Exercise directions
Records follow. Copy every line with "green".
::::::
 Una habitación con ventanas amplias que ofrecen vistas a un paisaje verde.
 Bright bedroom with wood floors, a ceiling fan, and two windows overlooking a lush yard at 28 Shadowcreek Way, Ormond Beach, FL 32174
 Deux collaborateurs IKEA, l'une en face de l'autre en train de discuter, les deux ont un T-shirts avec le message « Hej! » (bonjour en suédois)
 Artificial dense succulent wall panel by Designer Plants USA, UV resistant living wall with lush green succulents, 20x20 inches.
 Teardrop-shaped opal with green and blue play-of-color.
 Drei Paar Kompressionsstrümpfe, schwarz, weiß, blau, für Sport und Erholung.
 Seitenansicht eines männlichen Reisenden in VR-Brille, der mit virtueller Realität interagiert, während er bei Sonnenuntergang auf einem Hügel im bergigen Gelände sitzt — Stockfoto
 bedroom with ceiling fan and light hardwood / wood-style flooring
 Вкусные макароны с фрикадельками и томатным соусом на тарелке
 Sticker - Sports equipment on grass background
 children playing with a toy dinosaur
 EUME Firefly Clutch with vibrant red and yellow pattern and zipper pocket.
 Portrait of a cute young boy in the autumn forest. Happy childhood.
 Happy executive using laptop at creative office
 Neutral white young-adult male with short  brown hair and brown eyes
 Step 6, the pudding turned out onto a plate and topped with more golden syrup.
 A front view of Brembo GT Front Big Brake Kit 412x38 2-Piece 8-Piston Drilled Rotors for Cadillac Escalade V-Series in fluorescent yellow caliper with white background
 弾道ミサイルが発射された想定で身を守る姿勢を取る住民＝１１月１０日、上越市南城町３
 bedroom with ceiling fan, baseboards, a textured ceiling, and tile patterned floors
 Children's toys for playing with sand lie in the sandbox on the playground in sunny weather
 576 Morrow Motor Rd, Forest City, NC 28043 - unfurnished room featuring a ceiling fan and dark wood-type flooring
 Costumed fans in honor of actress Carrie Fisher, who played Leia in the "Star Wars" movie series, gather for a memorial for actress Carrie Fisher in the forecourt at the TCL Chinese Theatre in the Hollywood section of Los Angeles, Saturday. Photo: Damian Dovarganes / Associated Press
::::::
Solution for this problem
 Artificial dense succulent wall panel by Designer Plants USA, UV resistant living wall with lush green succulents, 20x20 inches.
 Teardrop-shaped opal with green and blue play-of-color.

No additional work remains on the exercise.